Measuring responsiveness - You want your patient populations health to change to see if the test is responsive.
This is critical for an instrument designed to evaluate treatment effects or diseases where symptoms wax and wane.
Questions to ask when considering whether to use an existing survey instrument:
- Is the tool general or disease-specific? (General - you can compare health status of people with different diseases)
- Is the language appropriate for my study population? (In britain they call a bladder infection a water-works infection)
- Is the response burden acceptable? (If the response burden is more than 30 min, it is not a desirable tool to use. Peoples attention wanes with a long questionnaire)
- What concepts are captures? (Looking at the different concepts and making sure the concepts are relevant for the topic - emotional and social but not physical functioning)
- Has it been validated in a population similar to my study? (Even if there is validity data, is the data related to your population. Example: You have data from a medicaid population and you are interested is the tool valid in a private payer population)
- How strong is the supporting reliability (One data supporting the tool is not enough, you would want 2, 3, 4 or more to say it is valid and reliable)

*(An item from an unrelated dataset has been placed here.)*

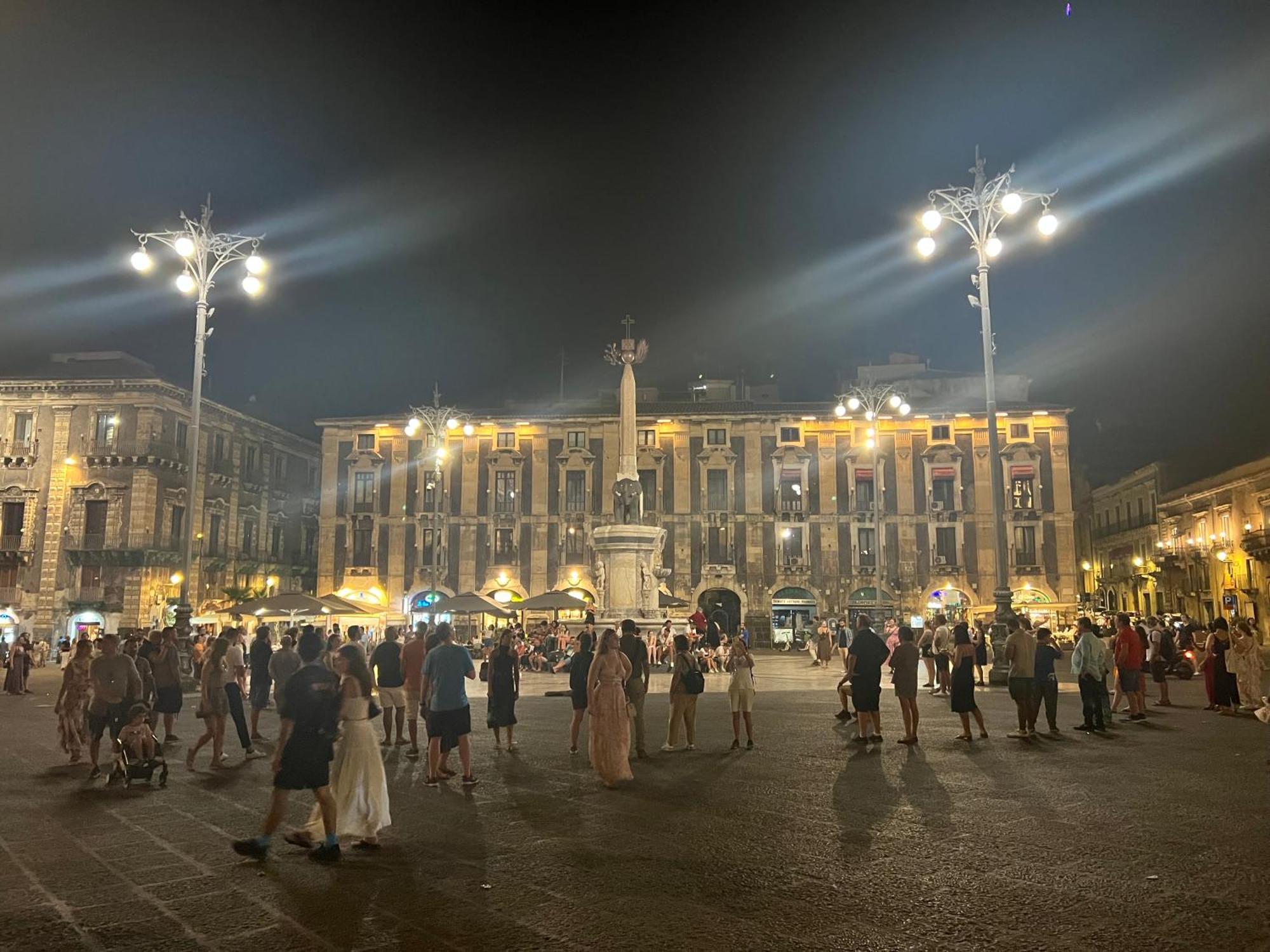 Вилла Li Cuti House - Lungomare Self Check-In Катания Экстерьер фото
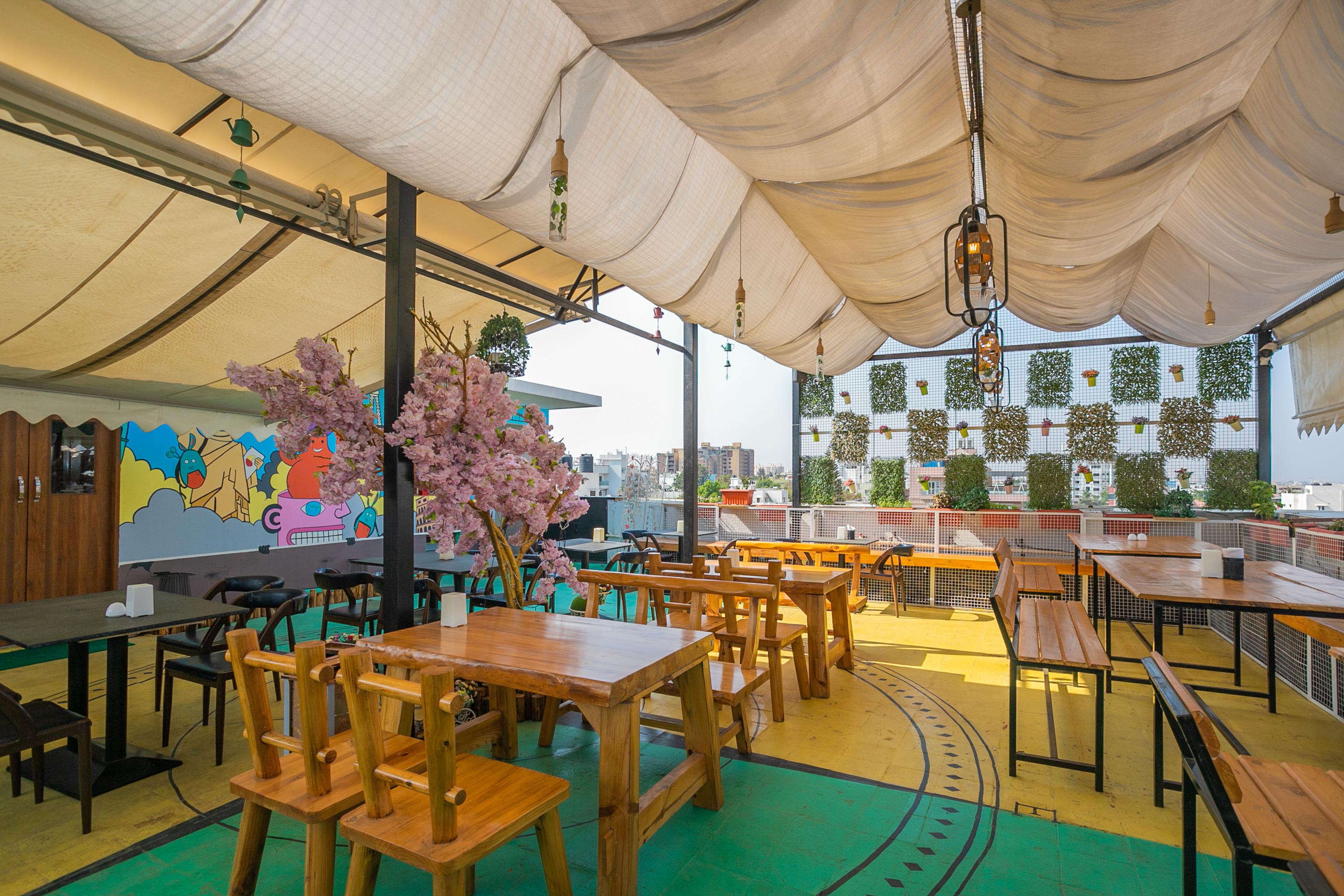 Capital O 36137 Vihaari 24 Business Hotel Bangalore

Defining the clinically meaningful difference in instrument scores- One of the biggest challenges is that they dont know what a meaningful difference between scores is.
A 5 point improvement - depending on what perspective you may or may not agree this is important for everyone. They struggle with defining what is clinically meaningful.
--> Clinicians perspective - leads the clinician to change their therapy
--> Patients perspective - change in score that prompts them to seek healthcare or request a change
Statistically significant doesn't mean its going to be meaningful to the population.
Not going to be tested on last 2 slides.